#### Available data
--- START ---

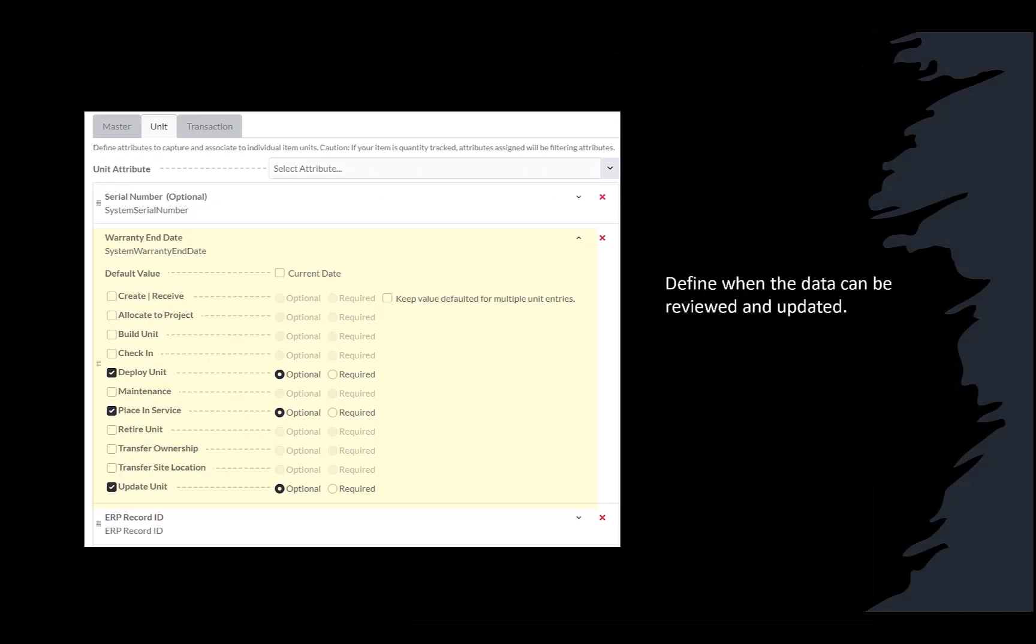Not only can you define the attributes to track, but you can tailor the system to identify when to recapture that information and if that data is optional or required. This flexibility removes the guesswork for those recording changes to your assets.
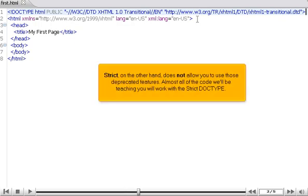Strict, on the other hand, does not allow you to use those deprecated features. Almost all of the code we'll be teaching you will work with the strict doctype.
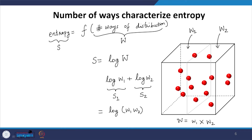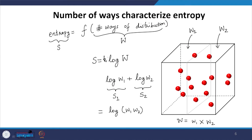So with this argument, if entropy is defined as S = K log W, then the entropy of the total system will be S1 plus S2, not S1 multiplied by S2. The number of ways will get multiplied, but by the property of the logarithm, the entropies add. This is why entropy is defined with a logarithmic dependence — only then can entropy be an additive property.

--- END ---

#### Work request
Output each line above exactly. Skip the images.

#### Answer space
Not only can you define the attributes to track, but you can tailor the system to identify when to recapture that information and if that data is optional or required. This flexibility removes the guesswork for those recording changes to your assets.
Strict, on the other hand, does not allow you to use those deprecated features. Almost all of the code we'll be teaching you will work with the strict doctype.
So with this argument, if entropy is defined as S = K log W, then the entropy of the total system will be S1 plus S2, not S1 multiplied by S2. The number of ways will get multiplied, but by the property of the logarithm, the entropies add. This is why entropy is defined with a logarithmic dependence — only then can entropy be an additive property.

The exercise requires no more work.